# What type of gamer are you?



## Kiniel (Jan 10, 2007)

I find that, along with many other subdivisions, gamers can be split mostly into the "progressives" and the "traditionalists."

Now, obviously, there's no such thing as someone who's perfectly one way or the other, but which one are you more like?Â Â (For the record, I'm more progressive... I like all the shiny graphics.Â Â ^_^)

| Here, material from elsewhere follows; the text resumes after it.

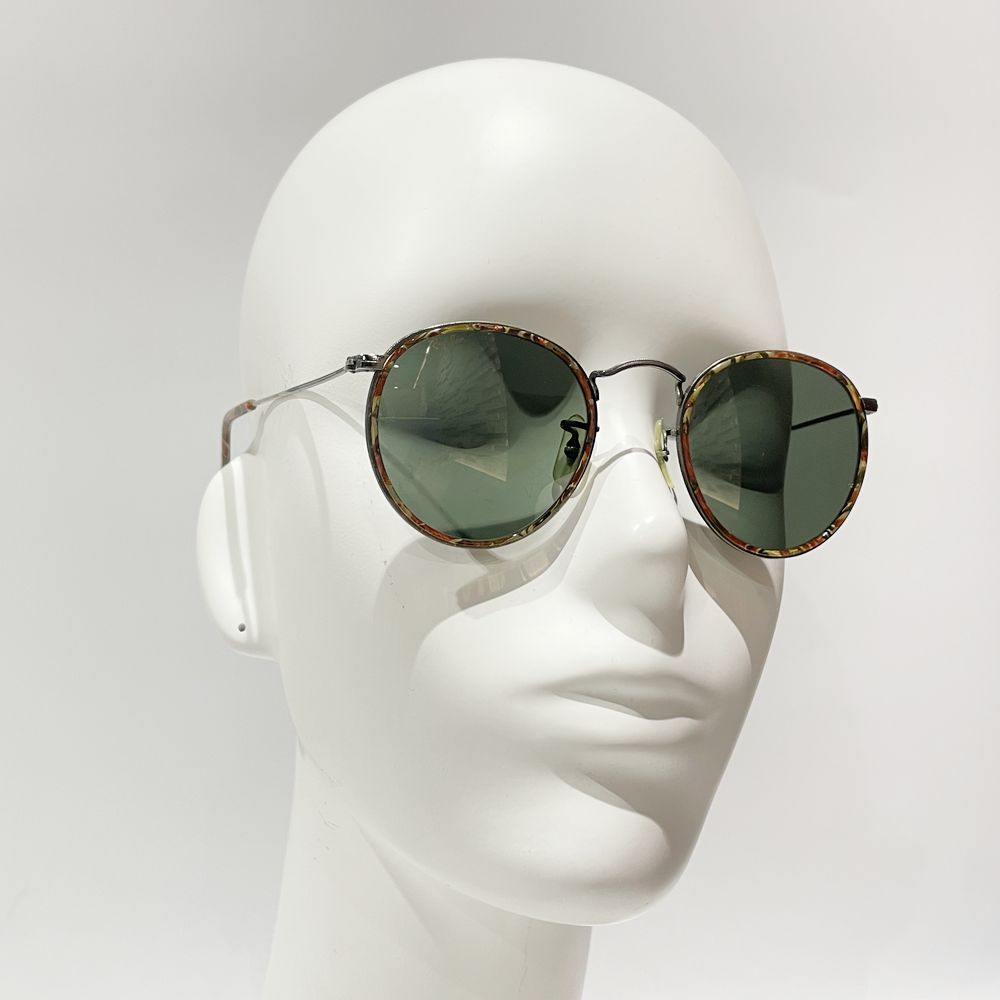 Ray-Ban(レイバン) ROUNDMETAL ラウンドメタル ミル打ち モザイクチップ マーブル WSAS W1676 サングラス メタル/プラスチック ユニセックス【中古AB】20241102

For your reference, here's a nice little decoder to help you decide:

If you are a progressive, you...
...believe that graphics can vastly improve a game
...tend to prefer later games in series that "expand upon" the older games (not necessarily the radically different ones, though)
...constantly stay on top of new releases
...have all but forgotten the time when "voice cast" wasn't in the credits
...sell off old systems to buy new ones
...games on the internet like crazy
...use XBox live to play Halo 2 and the like
...think of things in polygons
...will totally pwn you at Gears of War
...recently finished Final Fantasy XII
...think you remember hearing about something called a "side-scroller" once

If you are a traditionalist, you...
...believe that graphics are purely aesthetic, and possibly take away from gameplay
...prefer the older games in series, mostly on their merit of being _classic_
...are relatively lax when it comes to keeping up with gamer news
...loathe voice actors on principle
...still have that NES hooked up, and you know that Atari's somewhere...
...doesn't play anything on the internet that was released after '99
...used XBox live to download Street Fighter II
...think of things in pixels
...will totally pwn you at Doom 3
...recently finished that old copy of Dragon Warrior... again
...wonder what that MMO thing is


----------



## Hanazawa (Jan 10, 2007)

Uh, yeah, some of both.

needed a halfway/neither option on the poll ;p


----------



## Kiniel (Jan 10, 2007)

Hanazawa said:
			
		

> Uh, yeah, some of both.
> 
> needed a halfway/neither option on the poll ;p



Yeah, I was gonna put that there, but I figured it's too easy if you can take the middleground.  ^_^

I'm somewhere in the middle, too, but I think graphics and voice acting have become such an essential part of games nowadays that I have to mark myself more with the "progressive" part.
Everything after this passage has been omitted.